(Photo by Eva-Katalin, iStockphoto by Getty)

By the year 2024, nearly one quarter of the labor force is projected to be age 55 or older, double what it was in 1994, when the figure was just under 12%. This trend has dramatic implications for how we view the workforce. Age discrimination in the workplace is illegal, but nonetheless a widespread phenomenon. It creates unjust challenges for older individuals in job retention and the securing of new ones. But studies show that a diverse workforce, in terms of gender, race, and age as well, is better for business, and companies will be well-served if they catch on to this.

When it comes to building better diversity and inclusion across a company, age is one element that corporate leaders often disregard or place lower on their priority list, according to Heather Tinsley-Fix, senior advisor of financial resilience at AARP. She spoke last week at From Day One’s July virtual conference, The New Push for Workplace Equity, offering a data-rich presentation on the impact of longevity on how we view talent. In it, she pointed out that limiting work opportunities for the growing older population–as has been the case, to a degree, in recent years–can have dire consequences, starting at the individual level.

“Jobs are a foundational way to address previous inequities,” Tinsley-Fix said. “For many, they’re an access to healthcare. They’re access to good wages. They’re sometimes access to long-term financial planning, and all of those elements impact how long you live.”

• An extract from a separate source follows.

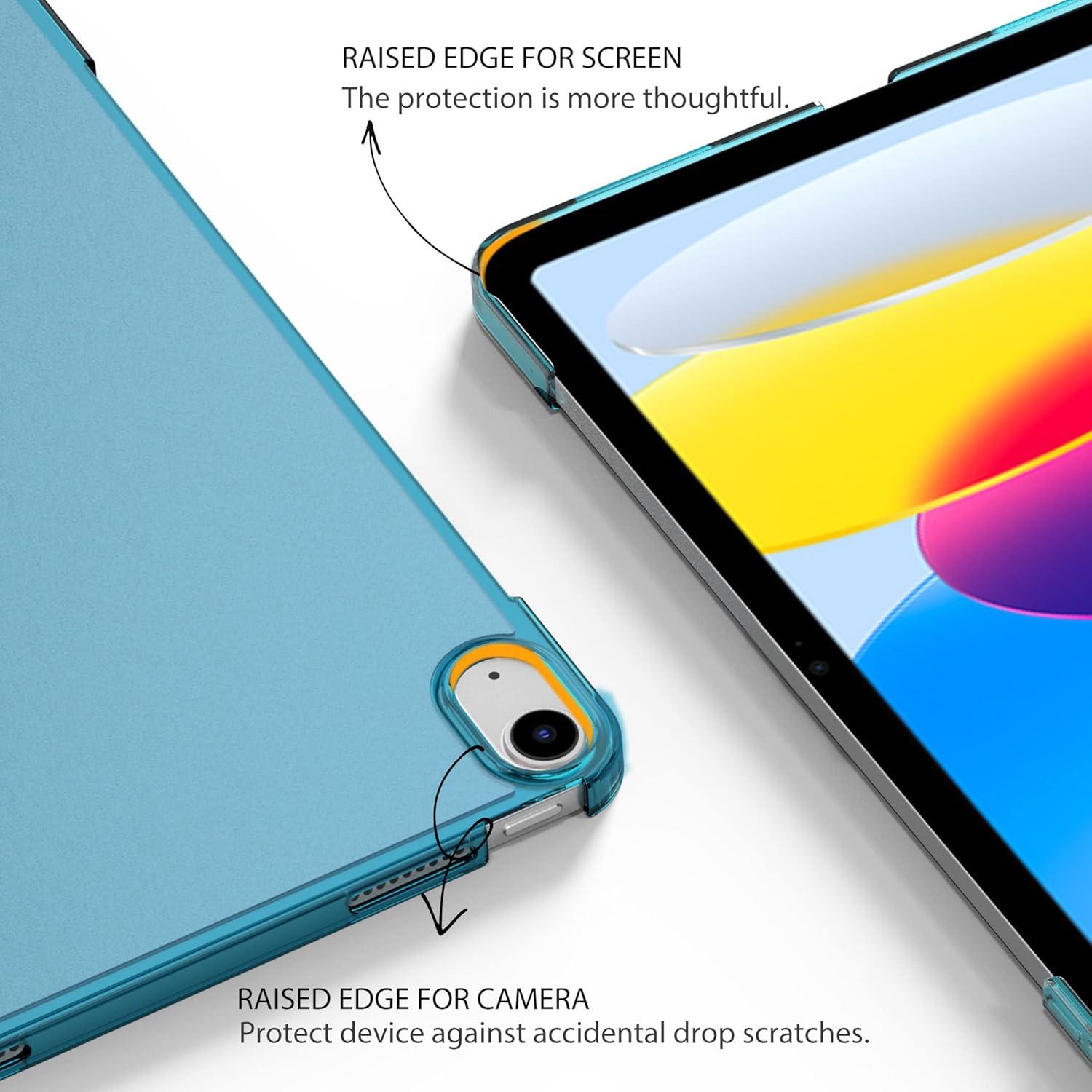 EasyAcc iPad 10.9 Zoll Hülle Pfauenblau PU-Leder Rückseite Standfunktion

Corporate leaders who keep this social impact in mind, as well as the qualities that older workers can bring to the job, can benefit the company as well as society.

Tinsley-Fix cited the results of a PwC global CEO survey, which found that some of the most important skills that companies value in workers are also the hardest to find. In this time of growing automation, these skills–including leadership, emotional intelligence and adaptability–cannot be performed by a machine. Other skills and qualities that often improve with maturity–problem solving, critical thinking, relationship building, empathy, coaching and mentoring–will also be required on the job during the epic shift toward automation.

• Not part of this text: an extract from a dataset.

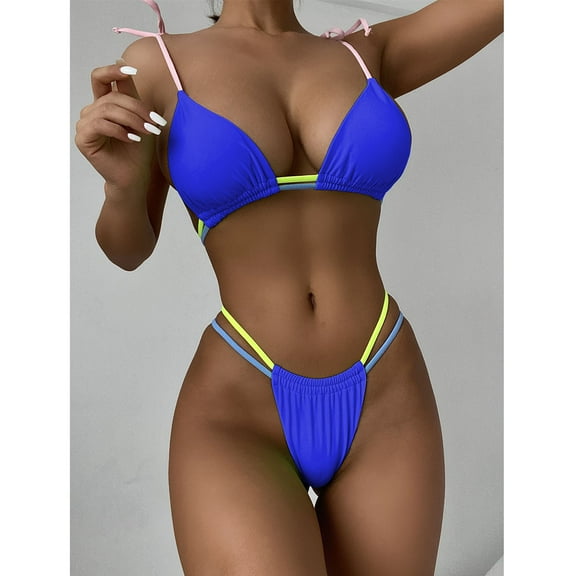 YEAHITCH Womens Swimwear,New Swimwear,Swimwear Sale,Two-Piece Sets,High WaistBlue,M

Heather Tinsley-Fix, senior advisor of financial resilience at AARP (Photo courtesy of AARP)

“These are the kinds of higher-order cognitive skills that take time to develop. You often accrue them through experience, on the job and also interacting with others, and growing as a person,” Tinsley-Fix said. “I note that because older workers tend to have a lot of these skills, and if you’re able to leverage them, particularly in the areas of mentoring and in the transfer of tasks and knowledge, the presence of an age-diverse workforce can actually help instill these skills.” Age diversity in the workforce also improves productivity and performance, which, of course, helps the bottom line.

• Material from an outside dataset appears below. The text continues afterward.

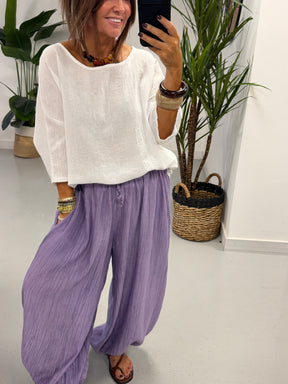 The OG TicToc Crinkle Balloon Trousers - Heather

For some corporate leaders to open up to the idea of hiring older people, they may first have to get over one particular bias, likely rooted in what Tinsley-Fix called “the myth about intelligence and atrophy.” Many believe that the human brain begins a slow decline after about the age of 20, but that’s not true, she said. Citing research by the author Heather E. McGowan, who wrote The Adaptation Advantage Book, about thriving in the future of work, Tinsley-Fix observed, “Our brains remain fluid and plastic all the way up through late ages, as long as we stay active ourselves and stay engaged in our own brain health.” Human ability to concentrate, for example, peaks at age 43, while it isn’t until age 50 that we’re at our peak learning capabilities. “Crystallized intelligence,” which Tinsley-Fix described as “contextual” and generally has to do with “synthesizing information” and “making judgements,” doesn’t peak until age 60.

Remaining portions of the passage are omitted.